Pedro —lo reprendió Elena—. Jefa de sección, ¿recuerdas? Menos tonteo y más respeto.


—¿Por qué sigues aquí? —le preguntó Pedro—. ¿No deberías estar en el banquete? Lo único que voy a hacer es meterme en la cama. Estoy bien, no pasa nada. He llegado aquí, ¿verdad? Pues no hagas que lo lamente.


—Si has mentido sobre el hospital en Budapest te juro por el alma de mi flamante esposo que lo lamentarás.


—Qué mala es —murmuró Pedro—. Espero que lo sepas, Adrian.


El novio esbozó una sonrisa.


—Descansa un poco.


—Lo haría si os fuerais.


La novia y el novio salieron de la habitación, con Elena mirando por encima del hombro para advertir a su hermano que fuese bueno antes de cerrar la puerta.


Solo entonces Pedro se permitió hacer una mueca de dolor.


—Sobre esos analgésicos…


—En una escala del uno al diez, uno siendo nada y diez insoportable, ¿cuánto te duele?


—Si me quedo absolutamente quieto puedo darle un siete.


El médico sacó de su maletín dos pastillas de color azul que le ofreció con un vaso de agua.


—Esto te hará dormir. Podrás ducharte por la mañana, pero no hagas movimientos bruscos. Si es posible, nada de explosiones ni colisiones con vehículos a motor —después
de mirar al paciente durante unos segundos decidió ampliar la lista— nada de surf, boxear o artes marciales. Nada de levantar pesos, escalar montañas o hacer kayak. ¿Lo has entendido?


—Alto y claro.


—Puedes nadar, flotar y patalear en el agua como un niño de tres años. Por lo que he oído, no creo que te resulte muy difícil.

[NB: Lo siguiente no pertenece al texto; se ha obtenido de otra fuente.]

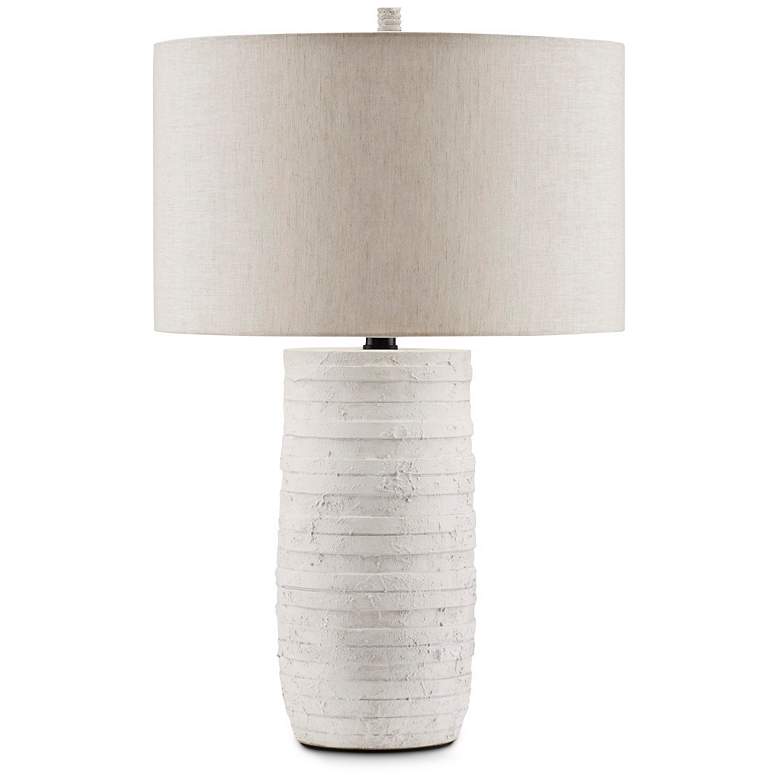Image 4 Currey & Company 30" Innkeeper White Table Lamp more views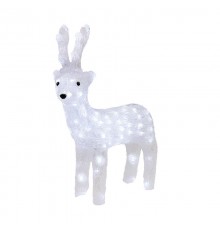 Акриловая светодиодная фигура "Северный олень" 45 см, 100 светодиодов, IP44 понижающий трансформатор в комплекте,  513-270  NEON-NIGHT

A Paula le gustaba aquel irónico médico de pueblo.


—Escucha lo que dice tu cuerpo y puede que salgas de esta en mejor forma de la que mereces.


A Paula le gustaba mucho aquel médico de pueblo.


—No estará buscando trabajo, ¿verdad? Porque nos vendría bien —le dijo.


—Me quedan dos años para retirarme y he visto todo lo que quería ver en lo que se refiere a urgencias médicas. No necesito ver más.


Una pena.


—Oiga —empezó a decir el paciente— ¿no le parece que tiene una cara muy divertida? Yo creo que sí. Me gusta mucho.


El hombre suspiró.


—Las pastillas empiezan a hacer efecto.


—Bonita voz, además —siguió Pedro—. Me hace pensar en sexo. ¿A usted le hace pensar en sexo?


—Hijo, tiene que descansar. No se esfuerce —el médico miró a Paula sin disimular una sonrisa—. Tal vez debería marcharse, antes de que empiece a hacerle proposiciones.


—Tal vez yo quiera oírlas para chantajearlo después —replicó ella.


Pensándolo bien, tal vez querría oírlas por razones egoístas.


Pero no, Pedro acababa de quedarse dormido.


—¿Podemos meterlo en un avión mañana?


El médico asintió con la cabeza.


—Hay que hacerle una exploración con rayos X en cuanto sea posible. Mantenerlo hidratado y vigilado.


—Gracias por su cooperación.


—De nada. Da igual lo que diga mi mujer. Siempre es un placer ayudar al Servicio de Inteligencia —el hombre esbozó una encantadora sonrisa—. ¿A quién le paso la factura?